# The input
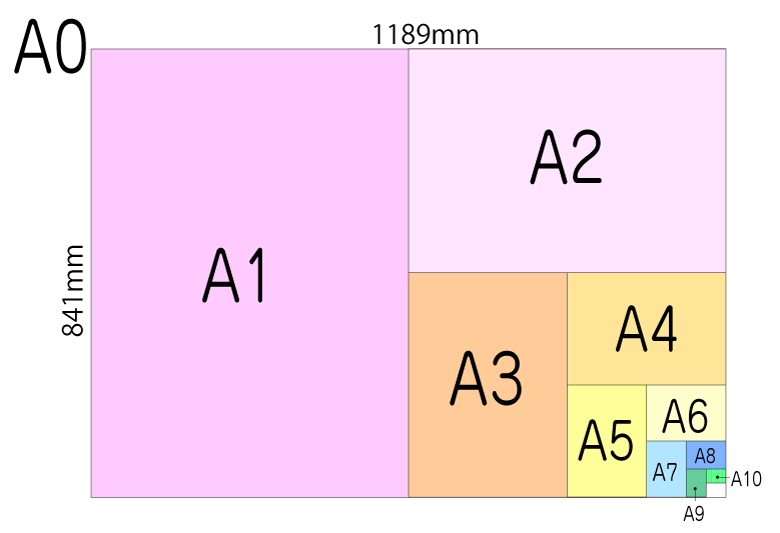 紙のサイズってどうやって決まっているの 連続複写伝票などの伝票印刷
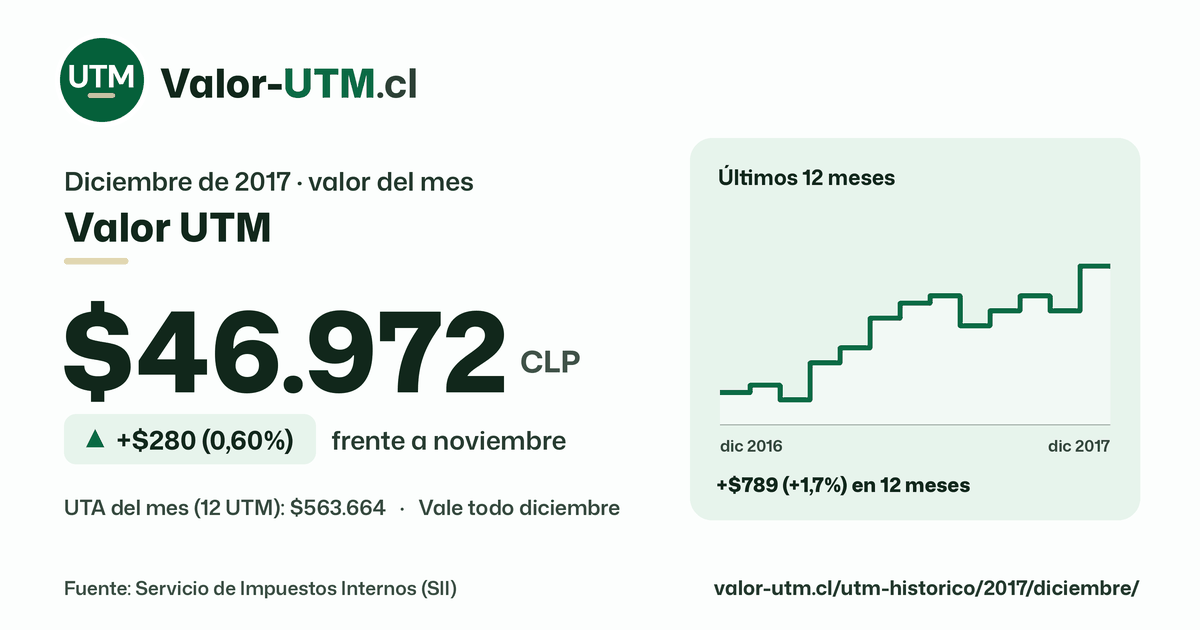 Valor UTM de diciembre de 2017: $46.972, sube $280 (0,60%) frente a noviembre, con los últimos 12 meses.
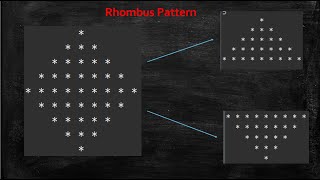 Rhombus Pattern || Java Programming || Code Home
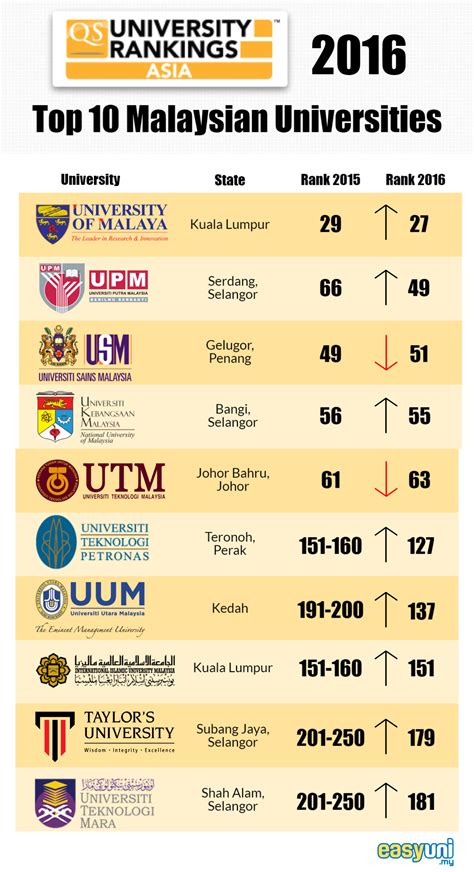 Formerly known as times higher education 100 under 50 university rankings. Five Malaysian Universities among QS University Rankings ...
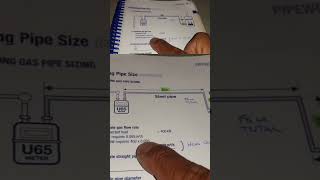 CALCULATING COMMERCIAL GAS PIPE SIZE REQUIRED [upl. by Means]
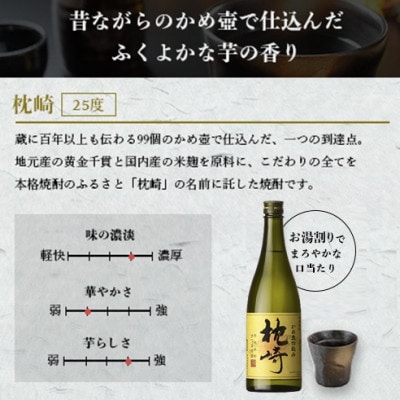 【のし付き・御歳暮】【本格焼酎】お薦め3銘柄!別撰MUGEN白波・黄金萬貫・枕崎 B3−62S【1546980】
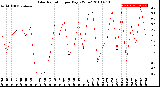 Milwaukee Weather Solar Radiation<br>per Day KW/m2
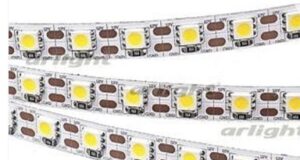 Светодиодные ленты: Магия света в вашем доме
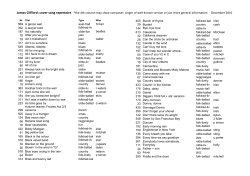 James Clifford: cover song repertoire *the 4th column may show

# Aim of the exercise
Pictures are to be omitted from the copy, and only the lines from the one containing "Milwaukee Weather Solar" through the final line of the listing above are to be written out exactly.

# Task response
 Milwaukee Weather Solar Radiation<br>per Day KW/m2
 Светодиодные ленты: Магия света в вашем доме
 James Clifford: cover song repertoire *the 4th column may show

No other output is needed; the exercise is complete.